Docket JSON (abbreviated):
{
  "id": "CDC-2006-0106",
  "agencyId": "CDC",
  "title": "Agency information collection activities; proposals, submissions, and approvals"
}


**What it looks like — Document JSON** (includes `frDocNum` for Federal Register linkage):

In [17]:
# Sample: load first document JSON with frDocNum
doc_files = list(data_dir.rglob("documents/*.json"))
for p in doc_files[:20]:
    d = json.loads(p.read_text())
    attrs = d.get("data", {}).get("attributes", {})
    if attrs.get("frDocNum"):
        print("Document JSON (Rule with Federal Register link):")
        print(json.dumps({"id": d["data"]["id"], "docketId": attrs.get("docketId"), "documentType": attrs.get("documentType"), "cfrPart": attrs.get("cfrPart"), "frDocNum": attrs.get("frDocNum"), "title": (attrs.get("title") or "")[:60]}, indent=2))
        break
else:
    print("No Rule docs with frDocNum in first 20. Run aws s3 sync.")

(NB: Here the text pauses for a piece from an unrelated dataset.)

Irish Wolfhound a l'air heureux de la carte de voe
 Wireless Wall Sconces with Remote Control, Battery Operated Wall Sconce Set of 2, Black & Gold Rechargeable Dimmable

Document JSON (Rule with Federal Register link):
{
  "id": "ADF-2017-0005-0001",
  "docketId": null,
  "documentType": "Notice",
  "cfrPart": null,
  "frDocNum": "2017-21745",
  "title": "Meetings: Board of Directors"
}


**Alternative:** regulations.gov API — paginate `/dockets` and `/documents` per agency. Rate limited (~1000/hr); use for subsets, not full corpus.